Mit dem Tourismus kam Ende der 1950er-Jahre auch etwas mehr Wohlstand, vor allem aber Arbeit in die Gegend. Immer weniger Einheimische nahmen die langen Wege auf sich, um Waren aus Samnaun nach Ischgl zu schmuggeln. Der Legende nach soll sogar der erste Skilift in Ischgl, der 1952 im Ortsteil Brand errichtet worden war, mit Hilfe von Gewinnen aus dem Schmuggelgeschäft mitfinanziert worden sein.
So genau will das aber keiner bestätigen. Fakt ist, dass die alten, grenzüberschreitenden Schmugglerwege auch heute noch ihren Reiz haben. Und deshalb hat Ischgl die drei Touren erarbeitet, die mit unterschiedlichen Anforderungen durch das Gebiet Ischgl / Samnaun führen.
„Die Schmugglerrunde Gold ist mit 35,7 Pistenkilometern und 6463 Höhenmetern eine der längsten Skirunden der Welt“, weiß Patrik Aloys, der seine Gruppe an diesem Tag durch das gesamte Skigebiet der Silvretta Arena von Ischgl über den Palinkopf zum Piz Val Gronda führt. Von dort geht’s hinab nach Samnaun und zurück über die Alp Trida und die Greitspitze nach Ischgl. Kurz einen Abstecher in die Duty-Free-Läden, eine neue Sonnenbrille oder ein Parfum gekauft, geht’s kurz darauf zurück über die Grenze nach Österreich.

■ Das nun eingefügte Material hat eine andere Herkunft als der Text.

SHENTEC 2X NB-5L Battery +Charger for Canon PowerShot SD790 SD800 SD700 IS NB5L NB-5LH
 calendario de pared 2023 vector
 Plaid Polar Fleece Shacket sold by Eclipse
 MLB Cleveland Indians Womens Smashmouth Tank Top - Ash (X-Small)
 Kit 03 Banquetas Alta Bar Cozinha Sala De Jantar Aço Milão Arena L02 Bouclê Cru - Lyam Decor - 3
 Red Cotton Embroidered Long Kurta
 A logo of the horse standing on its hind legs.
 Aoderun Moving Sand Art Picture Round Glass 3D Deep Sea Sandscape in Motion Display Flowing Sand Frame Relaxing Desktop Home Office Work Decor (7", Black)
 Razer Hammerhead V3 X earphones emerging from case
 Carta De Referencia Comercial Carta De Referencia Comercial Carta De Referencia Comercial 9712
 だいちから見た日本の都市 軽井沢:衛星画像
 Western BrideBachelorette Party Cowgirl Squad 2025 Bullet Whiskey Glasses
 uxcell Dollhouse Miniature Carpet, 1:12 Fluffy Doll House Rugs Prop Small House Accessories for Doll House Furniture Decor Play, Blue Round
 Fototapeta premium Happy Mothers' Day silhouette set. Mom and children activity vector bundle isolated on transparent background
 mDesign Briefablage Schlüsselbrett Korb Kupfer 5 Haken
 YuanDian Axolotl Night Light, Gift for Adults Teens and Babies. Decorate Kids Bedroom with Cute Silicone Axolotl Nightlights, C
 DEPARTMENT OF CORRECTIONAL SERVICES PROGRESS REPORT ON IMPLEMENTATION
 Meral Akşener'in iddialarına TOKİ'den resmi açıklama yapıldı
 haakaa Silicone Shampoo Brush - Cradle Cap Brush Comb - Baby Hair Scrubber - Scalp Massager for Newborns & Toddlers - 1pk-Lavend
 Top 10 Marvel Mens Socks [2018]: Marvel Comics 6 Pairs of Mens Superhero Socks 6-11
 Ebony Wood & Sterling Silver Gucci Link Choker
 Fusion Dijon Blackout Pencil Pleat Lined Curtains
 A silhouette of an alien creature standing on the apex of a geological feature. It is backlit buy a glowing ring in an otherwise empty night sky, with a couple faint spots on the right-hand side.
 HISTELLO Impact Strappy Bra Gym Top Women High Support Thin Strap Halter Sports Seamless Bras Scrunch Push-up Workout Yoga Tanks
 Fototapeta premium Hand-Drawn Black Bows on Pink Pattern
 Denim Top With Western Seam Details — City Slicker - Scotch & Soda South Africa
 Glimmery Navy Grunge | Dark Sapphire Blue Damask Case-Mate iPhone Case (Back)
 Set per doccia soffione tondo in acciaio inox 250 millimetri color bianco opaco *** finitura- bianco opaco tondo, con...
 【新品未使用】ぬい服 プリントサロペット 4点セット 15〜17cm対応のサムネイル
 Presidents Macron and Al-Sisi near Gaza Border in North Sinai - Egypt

Schmuggeln geht heute nicht mehr ganz so einfach wie früher. „Zollkontrolle, bitte öffnen Sie Ihren Rucksack“, heißt es nicht selten. Wie viele Beamte wann im Grenzgebiet patrouillieren, will der österreichische Zoll nicht verraten. Mit meist fünf Kollegen fahren die Streifen in Zivil auf den Pisten. „Vor allem, wenn ein Gast einen dicken Rucksack auf dem Rücken hat, muss er schon das eine oder andere Mal einem Zöllner den Inhalt zeigen“, sagt Patrik. Waren im Wert bis zu 300 Euro darf man kaufen und muss sie auch nicht versteuern. Alles, was darüber liegt, muss verzollt werden. Nicht selten fährt er mit Urlaubern rüber, die sich eine Rolex- oder Cartier-Uhr kaufen wollen. „Die sind in Samnaun schon um einiges günstiger. Gelegentlich erwischen die schon den einen oder anderen, die Uhr wird dann konfisziert und ein Bußgeld verhängt“, so der Guide.
Start und Ziel aller drei Schmugglerrunden ist an der Talstation Fimbabahn in Ischgl. Wer seine Runde erfolgreich beendet hat, kann am Schluss auch Beute machen. Denn unter allen Skifahrern, die ihre Schmugglerrunde per GPS mit der „iSki Ischgl App“ tracken, werden täglich, wöchentlich und am Ende der Saison tolle Preise wie Rucksäcke oder Kopfbänder verlost – und als Hauptpreis sogar einige Tage Urlaub in Ischgl.